*** LISTED RECORDS

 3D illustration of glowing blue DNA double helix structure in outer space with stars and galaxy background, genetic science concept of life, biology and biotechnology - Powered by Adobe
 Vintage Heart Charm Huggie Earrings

******
*** LISTED RECORDS

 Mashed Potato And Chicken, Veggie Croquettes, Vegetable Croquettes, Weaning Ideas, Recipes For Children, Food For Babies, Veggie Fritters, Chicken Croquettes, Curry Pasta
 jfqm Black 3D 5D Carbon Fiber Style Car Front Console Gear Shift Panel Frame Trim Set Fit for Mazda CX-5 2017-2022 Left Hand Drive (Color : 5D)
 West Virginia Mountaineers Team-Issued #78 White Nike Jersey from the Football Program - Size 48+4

******

▸ **TASK GOAL**:
Reproduce exactly, and only, the part of the listing above that begins at the line with "jfqm Black 3D" and goes on through the line with "West Virginia Mountaineers".

▸ **FINAL ANSWER**:
 jfqm Black 3D 5D Carbon Fiber Style Car Front Console Gear Shift Panel Frame Trim Set Fit for Mazda CX-5 2017-2022 Left Hand Drive (Color : 5D)
 West Virginia Mountaineers Team-Issued #78 White Nike Jersey from the Football Program - Size 48+4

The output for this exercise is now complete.